It's an idea that I once argued against in The Leveller (Vol.2, No. 2, p. 12). I lamented the way that new terms such as "environmental responsibility" and "ecological resilience" were being employed by 'green' thinkers across the political spectrum as a replacement for "sustainability", mostly because they realized the genuine difficulties inherent in the latter concept. At a general level Brundtland's idea of meeting the needs of the present without compromising the needs of future generations is certainly an ideal toward which we should strive - how could anyone argue against the idea of forbidding future generations from achieving their needs?
However, I'm willing to admit that this definition of sustainability, as it's commonly interpreted, carries little context about what our present (or future) political economy constructs as a 'need'. Nor does it make the necessary normative commitment towards changing our conceptualization of needs and wants. The concept of sustainability does not reflect the real discrepancy between human needs (which are still not being met in many parts of the world) and social desires (those things that we rich people mislabel as 'needs' - e.g. "I need a snow blower" [Answer: No, you want a snow blower]). Perhaps this is why Marxists in the early 1980s considered sustainability to be a "bourgeois" concept - in some ways it's an ahistorical term that presumes our contemporary mode of production can be transformed into its less voracious sister - capitalism lite?

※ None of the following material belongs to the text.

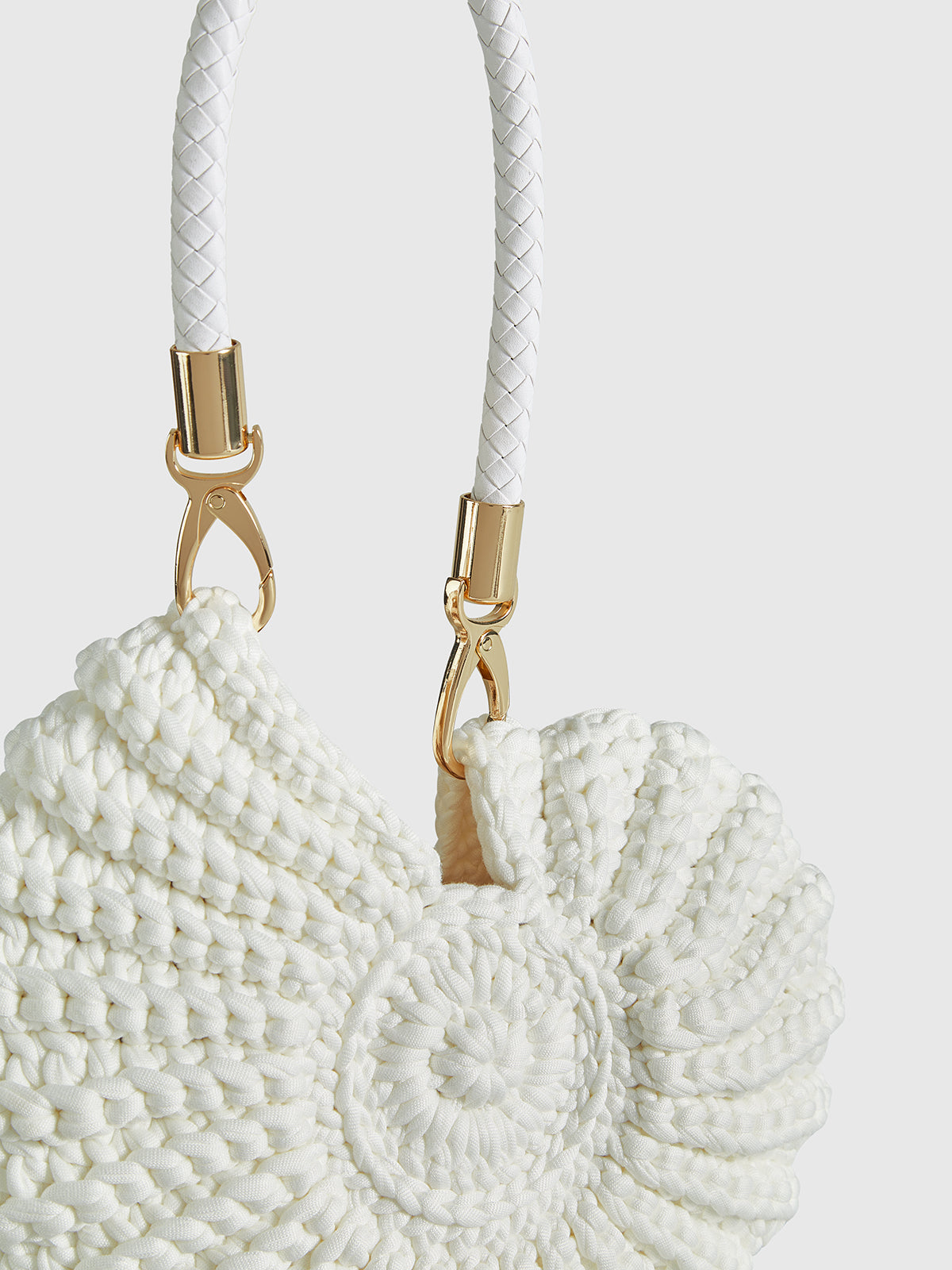 Crocheted Conch-Shaped Handbag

Resilience is a term that came out of the environmental change literature (see Peter Timmerman's Vulnerability, Resilience and the Collapse of Society, 1981). The idea of resilience, applied in a socio-ecological context, refers to the adaptive capacity of a system in the face of changes. As Carl Folke et. al. explained:
More resilient social-ecological systems are able to absorb larger shocks without changing in fundamental ways. When massive transformation is inevitable, resilient systems contain the components needed for renewal and reorganization. In other words, they can cope, adapt, or reorganize without sacrificing the provision of ecosystem services (Folke et al, 2002, 438).There is something in this concept that evades the problems associated with "sustainability" by not making any assumptions about needs and wants, and by placing humans in a reactive role as opposed to positing them as an omnipotent shaping force. With a resilient system, the needs of future generations is up for discussion - we may have good guesses about what might be needed, but we always assume scenarios in which our ability to fulfill those needs are made vulnerable. Resilience causes us to dig down and prioritize our needs and wants.

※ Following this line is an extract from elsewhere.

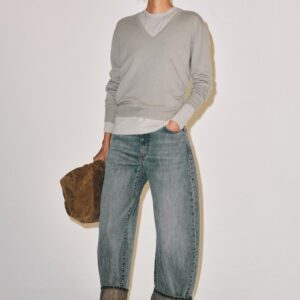 ULTRA-SOFT 100% WOOL V-NECK JUMPER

However - and here's the fence-sitter in me - there's also something fundamentally conservative about resilience (and sustainability too). Both ideas stem conceptually from a fear of change. What exactly is it that we are trying to sustain in sustainability? Is it really worth trying to make a system resilient to external forces of change when the original system in itself is socially and ecologically corrupt in other multifaceted ways?
Let me use Easter Island as an example. We've all heard the story of how that civilization collapsed - ultimately resulting from excessive deforestation (see Jared Diamond's book Collapse). The downed trees were needed for firewood, but also to move the heavy stone statues that have now made the island famous. As a thought exercise, let us pretend that the people of Easter Island had adopted a 'sustainable development' model (a policy of trying to meet contemporary needs without compromising needs of the future). Would they have been able to foresee the role that deforestation played in their unsustainable political economy? Moving statues was a social need at the time. Even if they had understood the importance of trees to their long-term subsistence, would they have been able to curb their excessive levels of deforestation before irreversible runaway socio-ecological damage? In other words, would an understanding of sustainable development have enabled them to change their way of life, or would it have lulled them into a false sense of hope that their existing practices could somehow be made "sustainable"? The same could be said of resilience: Would the people of Easter Island have been building a straw house in trying to build adaptive capacity? Even if they had built a system that was temporarily resilient to the sudden and total lack of trees, would it have been worth it (or even possible) to pursue life on a treeless island in the long term?
I don't know the answers to these questions. It's just a thought exercise I'm employing to question the usefulness of resilience and sustainability to our present socio-ecological problems. On the one hand, the idea of building societies resilient to changing material realities (on account of climate change, pollution, ecosystem damage, etc.) just seems like common sense. On the other, I worry that we're trying to make the wrong system resilient - maybe we need social change before trying to improve our adaptive capacity, so that the system we try to sustain is worth sustaining?!